Andrew M. Danas for complainant.

No appearance for respondents Medtech Enterprises, Inc. and Mr. Xin Liu as to amended complaint.

Respondent Mrs. Yanhong Liu for herself.

INITIAL DECISION(1) OF NORMAN D. KLINE, ADMINISTRATIVE LAW JUDGE AS REGARDS RESPONDENTS MEDTECH ENTERPRISES, INC. AND MR. XIN LIU

For the reasons explained below, this Initial Decision is in the nature of a default judgment against two of the three respondents named in the amended complaint in this proceeding. Disposition of the complaint as regards the third named respondent, Mrs. Yanhong Liu, will be deferred pending advice of complainant's counsel.

This case represents an ongoing attempt to collect freight by complainant CTM International, Inc., an NVOCC (non-vessel operating common carrier) that carried two shipments of used medical equipment from New York to Xingang, China, under bills of lading dated September 17 and 23, 1996, but has still not been fully paid for its services.

In its original complaint, served May 28, 1998, CTM alleged that it carried the two shipments pursuant to an agreement between CTM and respondents Medtech Enterprises and Mr. Xin Liu and, in addition, advanced payment of various shipping rates and charges, including insurance, inland hauling, stripping, carting and re-loading.

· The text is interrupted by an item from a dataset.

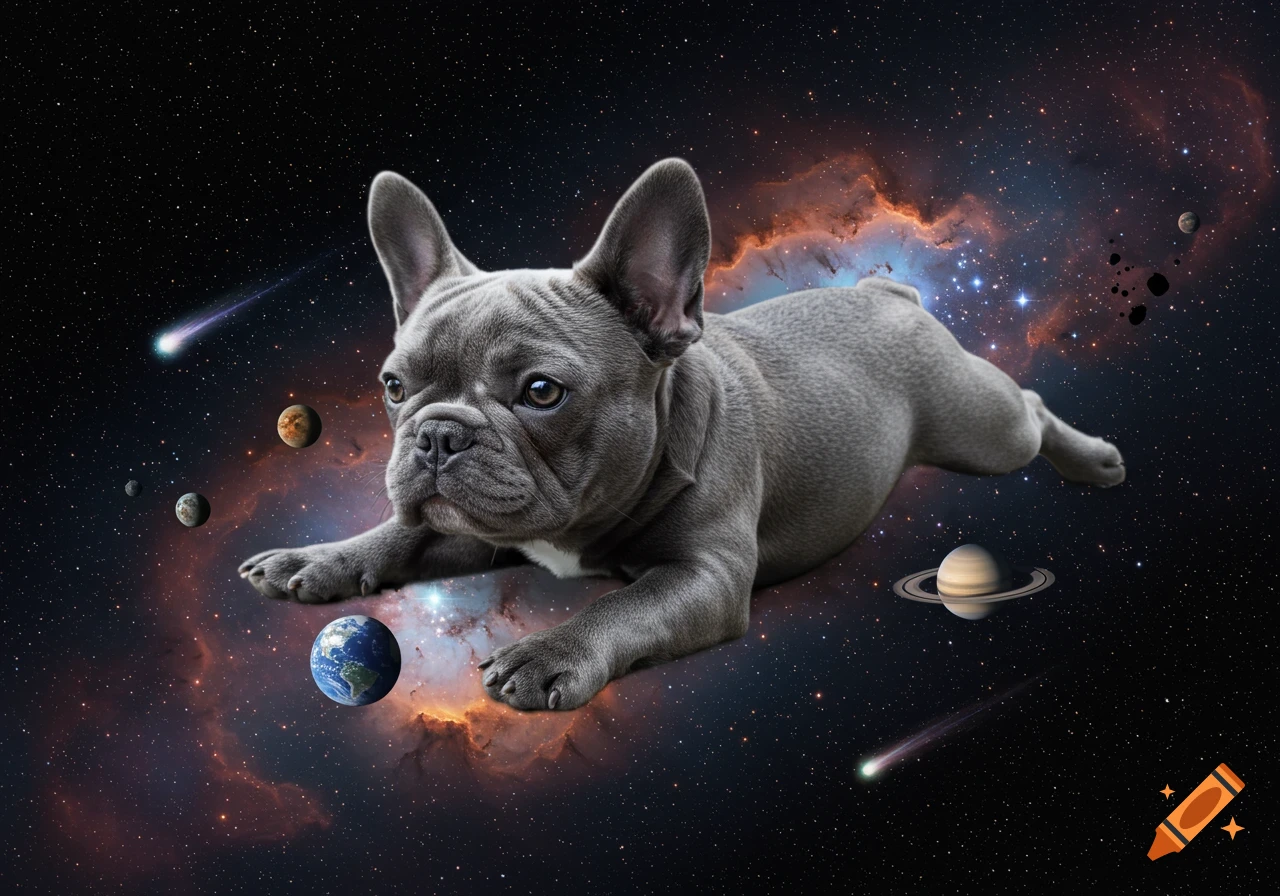 A photorealistic gray French bulldog lies in deep space, surrounded by planets, stars, nebulae, and comets.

Moreover, it was alleged, these two respondents issued a check to CTM on October 25, 1996, in order to secure release of the cargo in China but upon securing such release, on October 30, 1996, respondents stopped payment on the check, causing CTM to be out of pocket in the amount of $10,791.46. CTM alleged that respondents had fraudulently caused CTM to lose its lien on the cargo, in violation of section 10(a)(1) of the Shipping Act of 1984, and sought an award of reparations in the foregoing amount plus interest, costs, and reasonable attorney's fees. CTM alleged that it had made repeated demands for payment without success and concluded that "[b]y reason of the facts alleged . . . in particular, issuing a bad check or issuing a check upon which payment was subsequently stopped in order to induce release of the cargo and cause Complainant to lose its lien on the cargo, Respondents Medtech and Xin Liu have violated, and continue to violate, Section 10(a)(1) of the Shipping Act of 1984, by knowingly and willfully, by means of false representation and unfair device or means, obtaining or attempting to obtain ocean transportation for property at less than the rates and charges that would otherwise be applicable."

Respondents failed to file their answers to the complaint timely and were ordered to show cause why judgment should not be entered against them. See Notice of Default and Order to Show Cause, June 22, 1998. However, the default was vacated upon respondents' showing that at the time of service of the original complaint respondent Mr. Liu was in China and his wife, Mrs. Liu, who was not fluent in English, had to secure the services of counsel. With the assistance of counsel (who has since withdrawn from the case), the two respondents denied the allegations of their unlawful behavior and filed a counterclaim against CTM, alleging that CTM damaged an unrelated shipment in the amount of $100,000 and that respondents' claims against CTM had not been resolved. I noted that such damage claims on other shipments have not been held to be valid defenses to a section 10(a)(1) complaint, citing Waterman Steamship Corporation v. General Foundries, Inc., 26 S.R.R. 1173 (I.D.), adopted in relevant part, 26 S.R.R. 1424 (1994). See Notice of Default Vacated, July 22, 1998. After CTM answered the counterclaim, the parties agreed to a discovery schedule leading to a possible motion for summary judgment. However, before CTM filed its evidentiary case, counsel advised that the parties had reached settlement and on March 16, 1999, their settlement agreement was approved by the undersigned and made administratively final by the Commission on April 22, 1999. See Motion to Approve Settlement Agreement and to Dismiss Complaint Granted, March 16, 1999.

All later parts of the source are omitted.